La séance de questions-réponses n'a pas été beaucoup plus mouvementée. Sur fond de « Nothing compares 2 u » de la chanteuse Sinéad O'Connor qui vient de nous quitter, le président de la Fed, Jerome Powell, s'est en effet livré à un exercice ennuyeux à mourir. Peut-être le but était-il précisément de ne pas provoquer trop de remous en cette période où les échanges sont particulièrement faibles ?. Nous aimons le croire.
Soit. Le principal enjeu hier était de savoir ce que la Fed allait dire à propos de ses éventuelles prochaines interventions. Compte-t-elle encore relever ses taux après hier, comme le laissent entendre les projections de taux publiées en juin ? Et si oui, sera-ce en septembre ? Ou un peu plus tard ? Jerome Powell, qui n'hésite pourtant jamais à sortir du cadre, s'en est cette fois scrupuleusement tenu au script. « Tout est possible ». Tout sauf un abaissement des taux. Dans les circonstances actuelles, le président de la Fed estime qu'un tel assouplissement ne sera pas envisageable cette année. La banque centrale invoque la « dépendance aux données ». Un mot flou qui signifie en gros : « nous nous basons sur les chiffres économiques ». Powell s’est ainsi réjoui de la forte chute du taux d’inflation en juin. Mais il ne veut pas aller plus vite que la musique. Et nous lui donnons raison. Nous avons déjà souligné ici les importantes forces statistiques (effets de base) qui ont poussé le chiffre à la baisse. La partie facile du processus de désinflation est à présent terminée. En outre, Powell a aussi insisté sur la ténacité des indicateurs d’inflation sous-jacents. Ceux-ci sont en grande partie liés au marché de l’emploi, et plus précisément à la croissance des salaires. Or, une période inhabituellement longue de huit semaines séparera la réunion de politique de juillet de celle de septembre. D’ici là, nous aurons encore droit à deux cycles des chiffres économiques, avec notamment des rapports sur l’inflation et sur le marché de l’emploi. Cette abondance de données se traduira en septembre par de nouvelles prévisions. Cela a également poussé Powell à ne pas en dire trop.

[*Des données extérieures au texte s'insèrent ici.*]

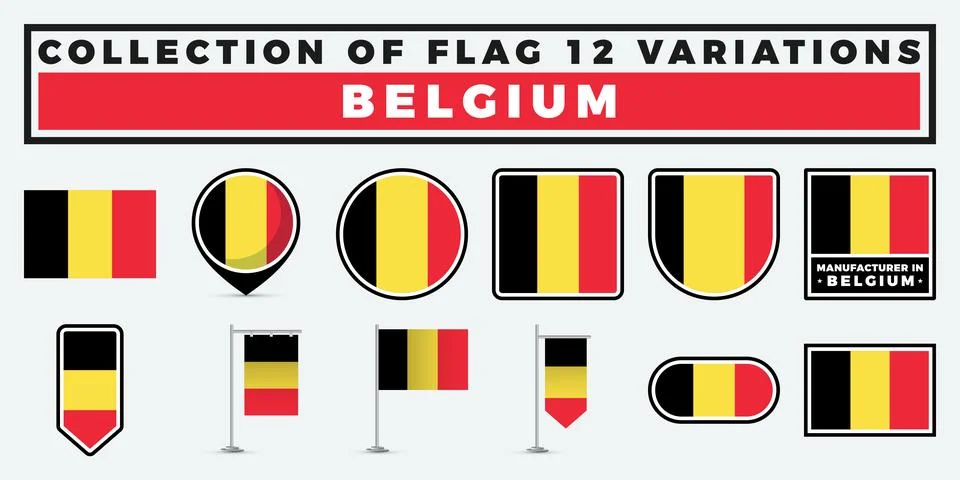 Collection of 12 Belgian Flag Variations. Design Elements. Icons. and Graphic Stock Illustration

L’approche fondée sur les chiffres de la Fed n’est pas exempte de critiques. En agissant de la sorte, la banque centrale prend par définition ses décisions sur la base d’un constat historique. De même qu'elle était à l'époque intervenue trop tard en laissant filer l'inflation, la Fed risque aujourd'hui de mener une politique trop agressive. Powell et ses collègues veulent cependant être absolument certains que l’inflation s'installera de manière durable autour de l’objectif de 2 %. Après la grave erreur de jugement de 2020-2021 et vu la vigueur persistante du marché de l’emploi, nous pensons que cela se justifie. Le débat autour d’un probable dernier relèvement de taux à 5,5-5,75 % est donc tout sauf mort.
Pour les marchés, le calendrier économique a rarement été aussi important. Les deux semaines qui viennent s'annoncent cruciales pour l’élaboration des prévisions. Cet après-midi, nous aurons droit aux chiffres de croissance du deuxième trimestre et à l'indicateur PCE, la mesure d’inflation préférée par la Fed. Demain, le coût de l’emploi (deuxième trimestre) figurera en tête de la liste des priorités. Le compte à rebours se poursuivra ensuite avec l’indice ISM de confiance des entrepreneurs et les payrolls la semaine prochaine et, en point d'orgue, le taux d’inflation du mois de juillet le 10 août.